Personal information
- Full name: Miguel Ángel Muñoz Alonso
- Date of birth: 26 January 1995 (age 30)
- Place of birth: Madrid, Spain
- Height: 1.78 m (5 ft 10 in)
- Position(s): Left back

Youth career
- Getafe

Senior career*
- Years: Team / Apps / (Gls)
- 2014–2017: Getafe B / 49 / (3)
- 2016: Getafe / 4 / (0)
- 2017–2018: Pontevedra / 12 / (0)

Managerial career
- 2023: Sheffield Wednesday (assistant)

= Miguel Ángel (footballer, born 1996) =

Spanish footballer

Miguel Ángel Muñoz Alonso (born 26 January 1996), known as Miguel Ángel, is a Spanish football coach and a former right back.

==Playing career==
Born in Madrid, Miguel Ángel was a Getafe CF youth graduate. On 2 March 2014, while still a junior, he made his senior debut with the reserves by starting in a 1–2 Segunda División B away loss against Bilbao Athletic; it was his maiden appearance of the campaign.

Miguel Ángel was definitely promoted to the B-team in June 2015, becoming a regular starter afterwards.
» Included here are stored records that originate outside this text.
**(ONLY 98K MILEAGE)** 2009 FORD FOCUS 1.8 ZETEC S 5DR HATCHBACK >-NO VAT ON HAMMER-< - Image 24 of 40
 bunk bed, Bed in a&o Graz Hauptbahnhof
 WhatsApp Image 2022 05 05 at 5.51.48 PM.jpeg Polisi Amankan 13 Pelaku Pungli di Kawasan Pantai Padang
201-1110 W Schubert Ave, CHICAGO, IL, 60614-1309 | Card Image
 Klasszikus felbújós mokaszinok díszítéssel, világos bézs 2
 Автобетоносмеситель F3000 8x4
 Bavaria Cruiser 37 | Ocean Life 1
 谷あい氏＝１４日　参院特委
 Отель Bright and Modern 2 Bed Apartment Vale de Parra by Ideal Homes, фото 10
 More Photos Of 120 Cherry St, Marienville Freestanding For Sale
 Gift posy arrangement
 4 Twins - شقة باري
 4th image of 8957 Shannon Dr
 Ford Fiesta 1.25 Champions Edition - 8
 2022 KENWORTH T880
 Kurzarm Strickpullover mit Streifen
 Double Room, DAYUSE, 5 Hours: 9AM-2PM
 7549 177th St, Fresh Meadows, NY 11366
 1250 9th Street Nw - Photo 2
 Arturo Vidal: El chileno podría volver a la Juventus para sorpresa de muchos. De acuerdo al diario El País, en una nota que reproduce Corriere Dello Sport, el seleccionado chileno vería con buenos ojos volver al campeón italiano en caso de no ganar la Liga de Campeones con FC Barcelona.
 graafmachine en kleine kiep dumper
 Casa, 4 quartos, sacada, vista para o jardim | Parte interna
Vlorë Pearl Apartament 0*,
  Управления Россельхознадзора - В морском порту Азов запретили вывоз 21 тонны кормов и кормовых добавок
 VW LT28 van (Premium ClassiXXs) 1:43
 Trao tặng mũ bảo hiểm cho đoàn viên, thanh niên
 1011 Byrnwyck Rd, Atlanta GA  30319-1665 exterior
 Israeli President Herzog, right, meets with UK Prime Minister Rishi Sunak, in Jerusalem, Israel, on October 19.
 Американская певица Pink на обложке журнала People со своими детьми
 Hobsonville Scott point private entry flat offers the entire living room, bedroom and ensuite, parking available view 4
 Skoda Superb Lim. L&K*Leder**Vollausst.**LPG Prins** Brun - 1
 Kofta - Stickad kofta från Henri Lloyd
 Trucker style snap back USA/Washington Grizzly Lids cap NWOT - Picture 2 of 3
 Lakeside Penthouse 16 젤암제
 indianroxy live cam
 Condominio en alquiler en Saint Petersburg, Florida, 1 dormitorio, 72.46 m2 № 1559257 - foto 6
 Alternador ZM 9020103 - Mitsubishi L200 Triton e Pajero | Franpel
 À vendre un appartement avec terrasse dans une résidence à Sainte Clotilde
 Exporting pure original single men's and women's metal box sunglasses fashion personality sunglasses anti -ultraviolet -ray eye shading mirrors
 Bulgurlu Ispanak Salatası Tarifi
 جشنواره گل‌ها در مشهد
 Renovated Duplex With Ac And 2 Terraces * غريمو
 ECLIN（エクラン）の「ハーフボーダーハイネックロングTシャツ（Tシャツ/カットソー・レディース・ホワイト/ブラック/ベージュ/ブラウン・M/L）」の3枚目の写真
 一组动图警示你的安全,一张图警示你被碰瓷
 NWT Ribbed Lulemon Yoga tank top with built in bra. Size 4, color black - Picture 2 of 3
On 21 April 2016 he made his first team – and La Liga – debut, coming on as a first-half substitute for injured Roberto Lago in a 2–1 away win against Real Sociedad.

On 29 June 2017, Miguel Ángel moved to Pontevedra CF in the third division.

==Coaching career==
In July 2023, he joined Sheffield Wednesday manager Xisco Muñoz as part of the back room coaching staff.